Functions of Water in the Body


The body’s need for water is second only to that for oxygen. One can live for weeks without food, but one can’t survive without water. If we lose 10% of our body water, it causes a serious hazard and death usually occurs if the loss is 20%.

The water content of the human body varies from 50-70%. Lean individuals have a higher percentage of body water than obese individuals. Men have a higher proportion of body water than women. Infants have been higher amount of water up to 70-75% of the body weight, thus making adequate fluid intake even more critical than in adults.

Water is the main solvent of the body and therefore it is an important nutrient for our body.

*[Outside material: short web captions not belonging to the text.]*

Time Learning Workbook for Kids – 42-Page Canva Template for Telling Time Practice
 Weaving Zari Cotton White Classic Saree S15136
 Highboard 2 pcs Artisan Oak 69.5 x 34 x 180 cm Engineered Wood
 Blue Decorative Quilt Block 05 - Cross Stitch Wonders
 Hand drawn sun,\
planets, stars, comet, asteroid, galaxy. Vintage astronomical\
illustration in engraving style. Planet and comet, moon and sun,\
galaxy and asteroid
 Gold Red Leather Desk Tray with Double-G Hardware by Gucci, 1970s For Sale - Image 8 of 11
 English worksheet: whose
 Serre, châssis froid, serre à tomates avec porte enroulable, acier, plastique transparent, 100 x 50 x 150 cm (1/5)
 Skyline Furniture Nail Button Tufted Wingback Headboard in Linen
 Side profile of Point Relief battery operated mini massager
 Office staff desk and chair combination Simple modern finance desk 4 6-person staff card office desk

To understand the body’s need for water, one must understand the important inter-relationships that exist among water balance, the metabolism of sodium, potassium and chloride, the role of the kidneys and the maintenance of acid-base balance in our body.

All body tissue contain water, but its content varies widely among different tissues. For example, the approximate percentage of water in teeth is 5, fat and bones is 25 and striated muscle is 80. The water in our body can broadly be divided into two compartments:

1. Intra-cellular Water: Intra-cellular which is found within the cells. It accounts for about 45% of body weight.

2. Extra-cellular Water: It is sub-divided in:

    i. Plasma Fluid: It accounts for 5% of body weight and contains proteins.

    ii. Interstitial Fluid: It representing about 15% of body weight.

Extracellular fluid also includes lymph circulation and secretions of lachrymal glands, pancreas, liver and gastrointestinal mucosa. It has a much lower concentration of proteins.

Functions of Water:

1. Water is present in each cell and acts as a cushion for all cells. Each gram of protein holds about 4g water and each gram of fat about 0.2g water. In bones, water is tightly bound. In most tissues, there is a constant interchange between intercellular and extra-cellular fluid.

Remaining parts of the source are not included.